Task requirements: Lines before the one containing "this 600×400 image." are not copied; that line and every one after it, through the end of the material below, are printed exactly, without pictures.

Data under study:
╔══
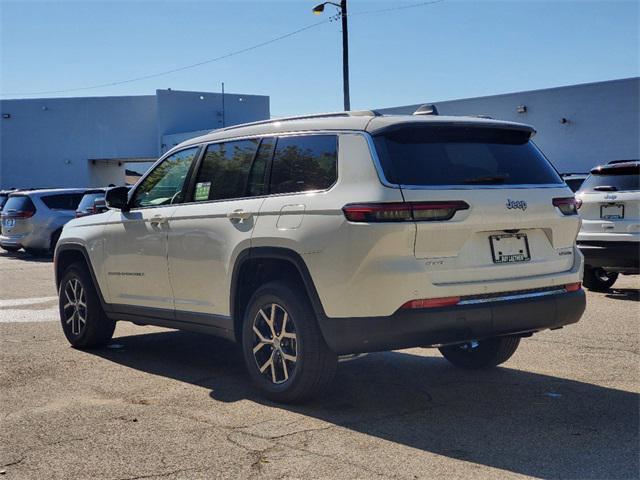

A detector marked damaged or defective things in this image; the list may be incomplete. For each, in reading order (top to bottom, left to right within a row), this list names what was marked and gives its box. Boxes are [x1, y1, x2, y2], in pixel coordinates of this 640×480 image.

cracked pavement [0, 253, 636, 478]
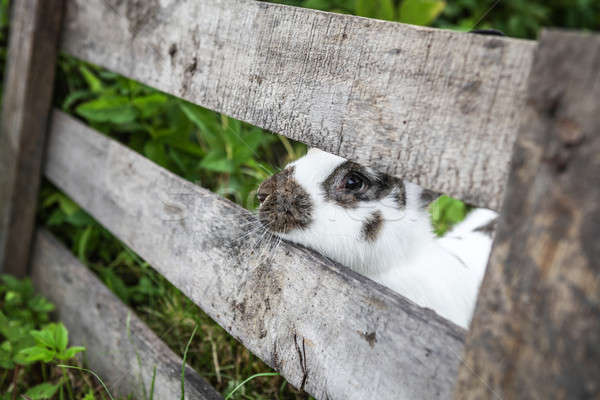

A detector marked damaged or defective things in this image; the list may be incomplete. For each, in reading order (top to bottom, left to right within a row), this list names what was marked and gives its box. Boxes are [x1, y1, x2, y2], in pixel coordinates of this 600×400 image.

splintered wood edge [58, 0, 536, 209]
splintered wood edge [45, 109, 468, 400]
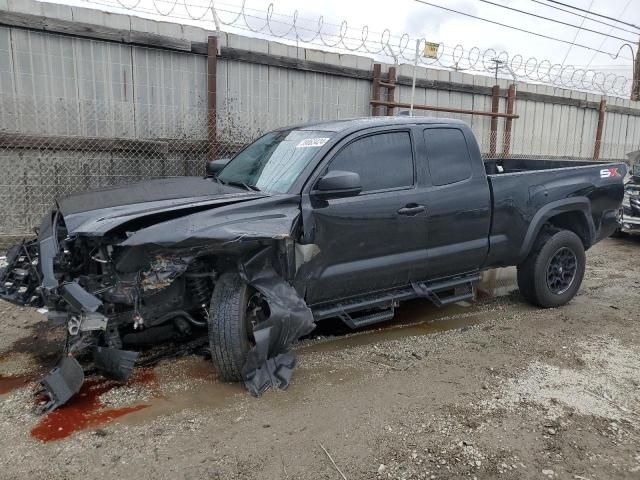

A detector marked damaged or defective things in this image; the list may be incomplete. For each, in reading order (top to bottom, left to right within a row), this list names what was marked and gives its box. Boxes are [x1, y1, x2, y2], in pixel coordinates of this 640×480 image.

rusty metal post [592, 98, 608, 160]
crumpled hood [55, 177, 264, 235]
detached wheel [520, 229, 584, 308]
detached wheel [206, 272, 254, 380]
╚══
Exercise output:
A detector marked damaged or defective things in this image; the list may be incomplete. For each, in reading order (top to bottom, left to right within a row), this list names what was marked and gives its box. Boxes are [x1, y1, x2, y2], in pixel coordinates of this 600×400 image.

splintered wood edge [58, 0, 536, 209]
splintered wood edge [45, 109, 468, 400]

A detector marked damaged or defective things in this image; the list may be incomplete. For each, in reading order (top to bottom, left to right within a row), this list names what was marked and gives its box. Boxes are [x1, y1, x2, y2], in pixel coordinates of this 640×480 image.

rusty metal post [592, 98, 608, 160]
crumpled hood [55, 177, 264, 235]
detached wheel [520, 229, 584, 308]
detached wheel [206, 272, 254, 380]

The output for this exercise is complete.